TASK: Show every line in the entries below where the word "Gray" appears.

RECORDS PROVIDED:
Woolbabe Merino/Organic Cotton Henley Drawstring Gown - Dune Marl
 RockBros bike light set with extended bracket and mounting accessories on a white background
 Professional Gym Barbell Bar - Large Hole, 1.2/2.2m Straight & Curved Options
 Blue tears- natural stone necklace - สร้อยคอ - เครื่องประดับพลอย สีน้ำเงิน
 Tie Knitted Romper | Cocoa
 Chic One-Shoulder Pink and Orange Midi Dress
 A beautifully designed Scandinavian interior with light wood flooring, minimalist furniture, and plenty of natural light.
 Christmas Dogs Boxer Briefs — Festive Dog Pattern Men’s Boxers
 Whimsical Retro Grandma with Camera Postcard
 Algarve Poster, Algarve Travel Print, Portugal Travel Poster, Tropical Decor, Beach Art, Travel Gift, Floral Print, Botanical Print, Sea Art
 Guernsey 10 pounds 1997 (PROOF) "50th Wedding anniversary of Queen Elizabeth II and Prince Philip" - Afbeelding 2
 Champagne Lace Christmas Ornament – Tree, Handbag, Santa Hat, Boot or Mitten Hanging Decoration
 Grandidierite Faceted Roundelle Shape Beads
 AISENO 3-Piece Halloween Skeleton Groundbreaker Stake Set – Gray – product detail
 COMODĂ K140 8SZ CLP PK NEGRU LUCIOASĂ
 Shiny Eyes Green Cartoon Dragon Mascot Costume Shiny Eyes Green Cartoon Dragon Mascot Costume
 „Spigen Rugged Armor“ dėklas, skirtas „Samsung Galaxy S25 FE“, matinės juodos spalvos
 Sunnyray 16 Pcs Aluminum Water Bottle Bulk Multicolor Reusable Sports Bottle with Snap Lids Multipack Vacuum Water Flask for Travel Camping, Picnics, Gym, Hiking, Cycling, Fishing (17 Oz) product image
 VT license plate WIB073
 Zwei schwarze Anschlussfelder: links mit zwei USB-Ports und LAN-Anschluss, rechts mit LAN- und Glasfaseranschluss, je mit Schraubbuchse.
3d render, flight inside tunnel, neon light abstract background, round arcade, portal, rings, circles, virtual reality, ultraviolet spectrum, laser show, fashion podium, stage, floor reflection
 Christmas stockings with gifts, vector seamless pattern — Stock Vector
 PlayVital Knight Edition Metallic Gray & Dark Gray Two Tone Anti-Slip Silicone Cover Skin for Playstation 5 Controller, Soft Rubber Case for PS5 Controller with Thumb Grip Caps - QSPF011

TASK RESPONSE:
 AISENO 3-Piece Halloween Skeleton Groundbreaker Stake Set – Gray – product detail
 PlayVital Knight Edition Metallic Gray & Dark Gray Two Tone Anti-Slip Silicone Cover Skin for Playstation 5 Controller, Soft Rubber Case for PS5 Controller with Thumb Grip Caps - QSPF011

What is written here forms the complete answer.